Accounting Standards » The rising tide of hedge accounting

The rising tide of hedge accounting

In an era marked by unpredictable financial landscapes and heightened risk, companies are increasingly turning to hedge accounting as a vital tool to help mitigate profit and loss volatility caused by the use of derivatives.

The demand for hedge accounting is not only growing but also evolving, driven by several key factors that underscore the complexity and importance of managing financial risks in today’s global economy.

Understanding hedge accounting

Hedge accounting is crucial for companies that use derivatives—financial instruments whose value is derived from underlying assets such as currencies, interest rates and commodities—to hedge against financial risks.

By aligning the accounting treatment of the hedge with the underlying exposure, hedge accounting helps companies better reflect their risk management activities in their financial statements and smooth profit and loss.

The surge in demand

A riskier world

The world today is fraught with economic uncertainties, geopolitical tensions and rapid market fluctuations. These factors compel companies to spend significant time and resources on risk mitigation strategies. Financial risks, in particular, are a major concern. Companies are increasingly relying on derivative contracts to manage their risk exposure. This reliance is evident from the staggering rise in the notional amount of over-the-counter (OTC) derivative contracts, which surged from approximately $500 trillion in 2016 to over $700 trillion by 2023.

The years 2022 and 2023 were particularly tumultuous, with significant global interest rate hikes and pervasive uncertainty about future rate cuts. Coupled with geopolitical instability, these factors created substantial volatility in derivative valuations, further amplifying the need for effective hedge accounting.

The chart below shows a bold line of actual UK interest rate fixings (LIBOR / SONIA) alongside dotted lines showing market expectations (known as forward curves) at those dates. The graph illustrates two key points –

1) financial markets are quite good at short-term forecasting, but long-term forecasting of interest rates is more difficult given the range of future geopolitical and economic events that can impact rates. This fundamental truth, that long-term economic forecasting is hard, reinforces the benefit of using derivatives to manage risk, particularly when you are exposed to financial risks over a multi-year time horizon;

2) the forward curves, which are a key component of derivative valuations, change continuously, resulting in large swings in derivative valuations that will impact profit and loss without the successful application of hedge accounting.

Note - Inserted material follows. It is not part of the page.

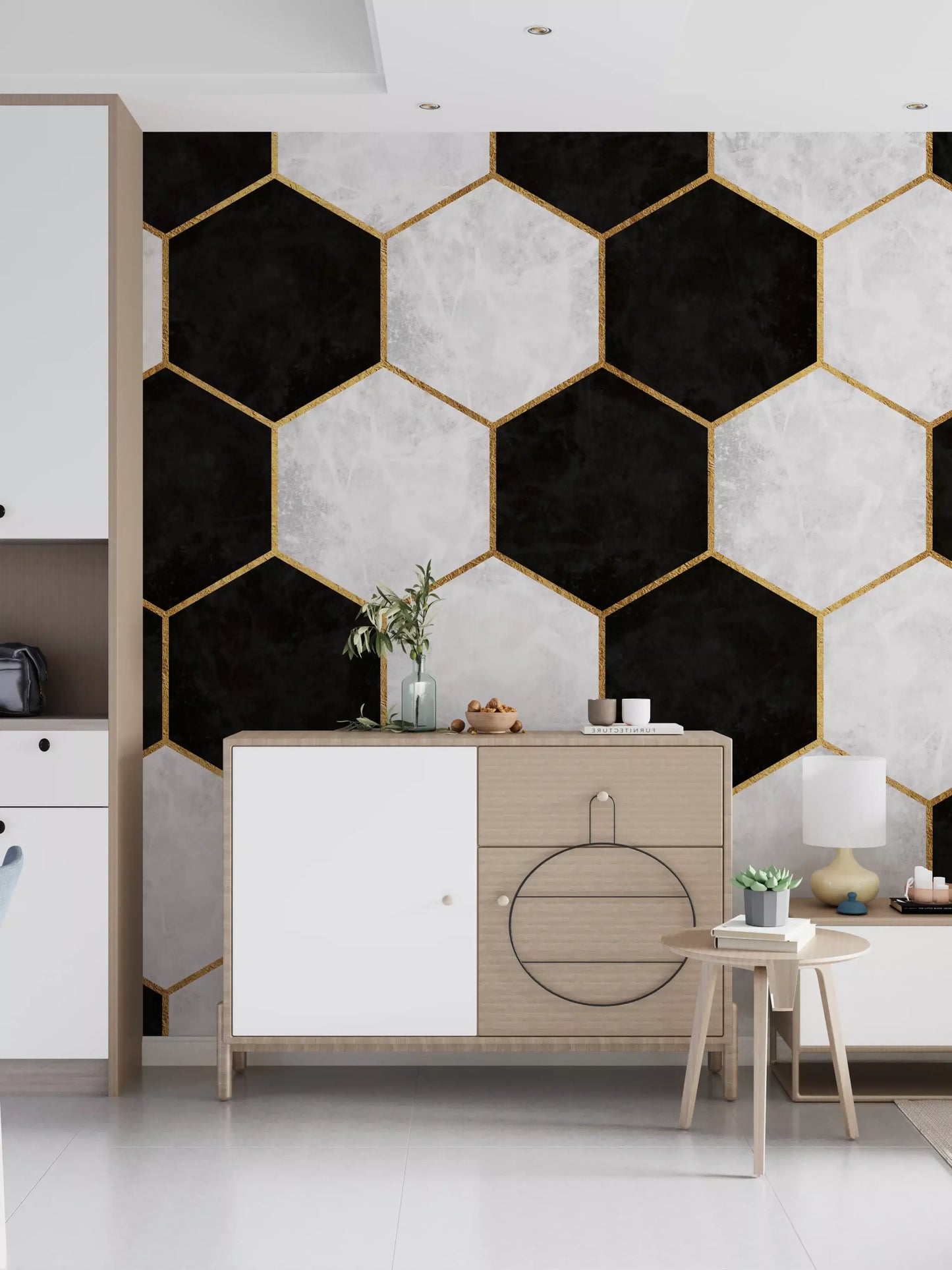 Black and White Luxe Hexagons Wall Mural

The changing regulatory landscape

Across the globe, increased regulatory scrutiny from auditors has heightened the focus on hedge accounting. The ever-increasing complexity and materiality of derivative accounting results in a need for audit teams to rely on specialised derivative valuation and treasury accounting teams to address the resulting audit risk, and these specialized teams have increased the rigour and sophistication of audit in relation to hedge accounting.

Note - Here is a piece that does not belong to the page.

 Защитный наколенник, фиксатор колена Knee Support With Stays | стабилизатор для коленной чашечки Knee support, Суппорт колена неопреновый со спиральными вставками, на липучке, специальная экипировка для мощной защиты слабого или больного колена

Auditors in the United States have long focused on strict compliance with US GAAP’s detailed hedge accounting guidance and increasingly we have seen auditors in other jurisdictions take a similar approach.

Anecdotally, over the last few years, we have seen a significant increase in auditor focus on hedge accounting and derivative valuation particularly in the UK, continental Europe, the Middle East, Australia and New Zealand.

Challenges in hedge accounting

Despite its benefits, hedge accounting presents several challenges that companies must navigate.

Complexity and expertise

Implementing hedge accounting requires a deep understanding of both accounting standards and the financial instruments involved. Companies need to invest in specialised expertise to ensure accurate and compliant hedge accounting practices. This can be particularly challenging for smaller firms that may lack the resources to hire or train personnel with the necessary skills.

Volatility and measurement

The inherent volatility in both the universe of financial risks and underlying derivative valuations poses a significant challenge for hedge accounting. Companies must regularly assess and adjust their hedging strategies to reflect changes in market conditions and that can result in more complex hedge accounting. Furthermore, accurate derivative valuation and hedge accounting documentation are crucial to ensure hedge accounting compliance, resulting in companies needing to invest in valuation expertise or technology tools to support their finance and treasury teams.

Disclosure requirements

Transparency in financial reporting is essential, but it also imposes additional burdens on companies. Hedge accounting requires detailed disclosures about the nature and extent of risks being hedged, the instruments used and the effectiveness of the hedging strategies. Preparing and presenting this information in a clear and comprehensive manner can be demanding, particularly for companies with extensive and complex hedging activities.


In an increasingly volatile and complex financial landscape, hedge accounting has emerged as a crucial tool for companies to manage their risk exposures. The growing demand for hedge accounting is driven by the need to navigate regulatory requirements, manage long-term financial risks and meet the expectations of global investors. While the practice presents several challenges, advances in technology are empowering companies to overcome these hurdles, significantly enhancing their hedge accounting practices and providing a clearer financial outlook.